The co-chair of Turkey’s leftist, pro-Kurdish Peoples’ Democratic Party (HDP) has accused the ruling Justice and Development Party (AKP) of acting as “an extension of ISIS” (Islamic State) in an emotional defense of Syrian Kurdish militias that President Recep Tayyip Erdogan has declared terrorist groups tied to the Marxist Kurdistan Workers’ Party (PKK).
Following a suicide bombing in the center of the nation’s capital, Ankara, last week, Erdogan declared that evidence indicated the Kurdish People’s Protection Units (YPG and YPJ) in Syria were responsible for the attack. Turkey began launching airstrikes on YPG targets in Syria the night of the bombing and have vowed to eliminate the YPG.
The HDP considers the YPG and YPJ, among the most successful militias currently fighting the Islamic State in Syria, ideological allies. HDP co-chair Selahattin Demirtas delivered an impassioned speech Tuesday defending against Ankara’s claim that the YPG are “an extension” of the PKK. “What kind of an enmity against Kurds is this that they (AKP) await a bombing in some part of the country just to accuse the PYD?” Demirtas asked, adding, “Is there any better terror extension than you (AKP)? You are the extension of ISIS.”
Demirtas is echoing a recurring attack line on the part of anti-Turkish Russian propaganda outlets that the Erdogan government has ties to the Islamic State. Russian state-controlled outlets have repeatedly claimed that Turkey buys Islamic State oil, thus funding the terrorist group. When Russia Today published photos allegedly showing ISIS oil traveling to Turkey, however, the Kurdistan Regional Government (KRG) of Iraq identified the truck in the photos as their own; Turkey is known to trade with the KRG.

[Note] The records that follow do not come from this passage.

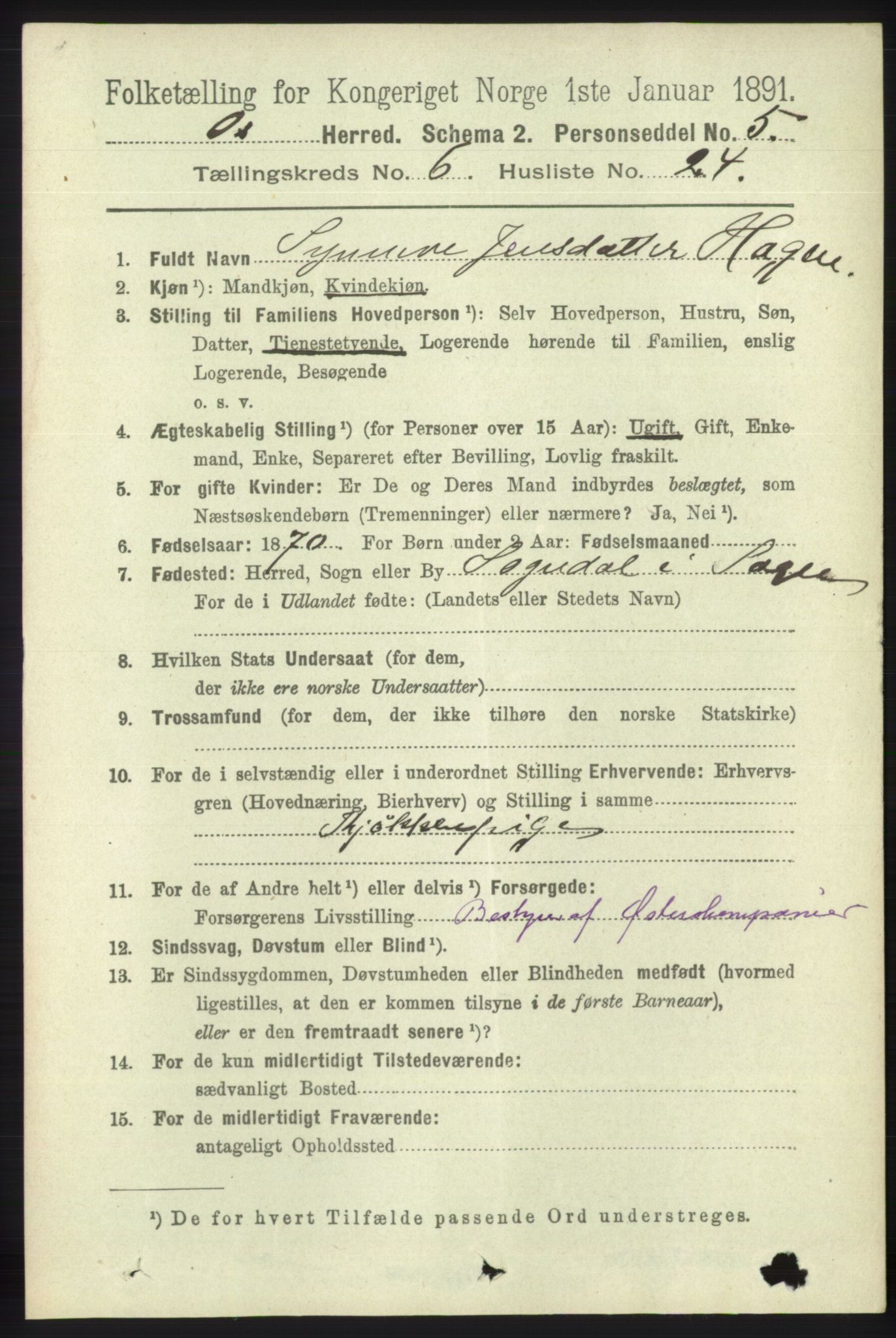 RA, 1891 census for 1243 Os, 1891, p. 1576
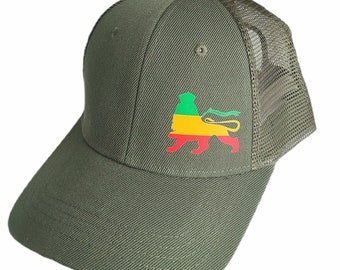 Lion of Judah logo trucker cap, Rasta colors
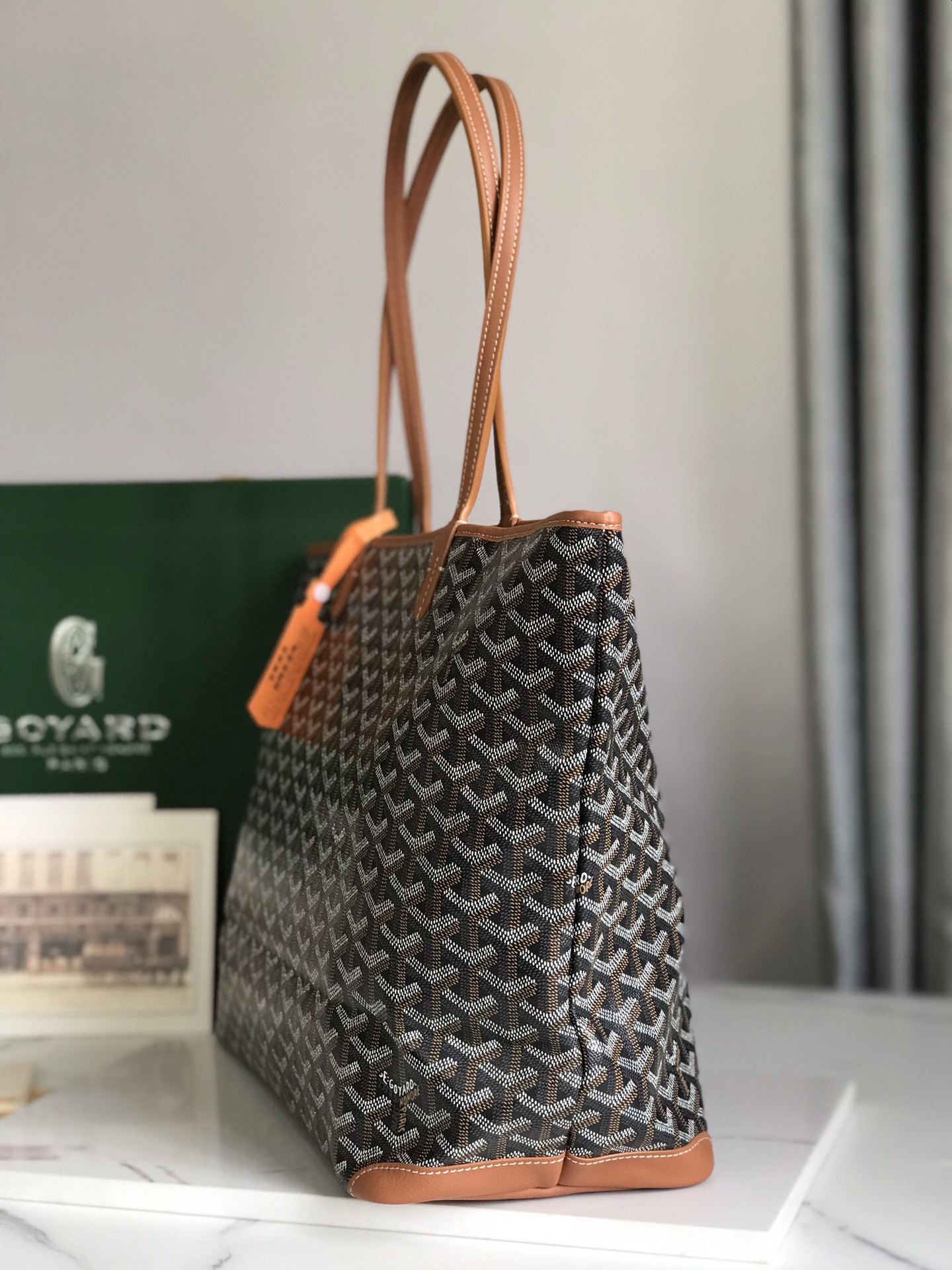 超A貨GOYARD高雅德包 ARTOIS大號包 大號拉鍊購物袋 黑棕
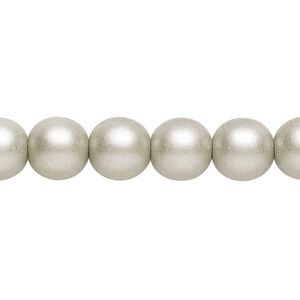 Bead, Czech glass druk, opaque satin pewter, 10mm round. Sold per 15-1/2" to 16" strand.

More recently, however, accusations of cooperation between the Turkish government and the Islamic State have surfaced from more reputable outlets than Russia’s. This week, the Turkish newspaper Cumhuriyet claimed to have evidence of cooperation between ISIS leaders and border patrol officers to allow jihadists to travel back and forth across the Turkish-Syrian border. Cumhuriyet’s editor-in-chief is currently facing a life sentence for approving a report last year that claimed that Turkey’s intelligence agency was arming anti-Assad militias in Syria.
Erdogan has responded to the HDP’s defense of the YPG by calling for Demirtas and other members of the party to be stripped of legislative immunity and be prosecuted for supporting “terrorism.”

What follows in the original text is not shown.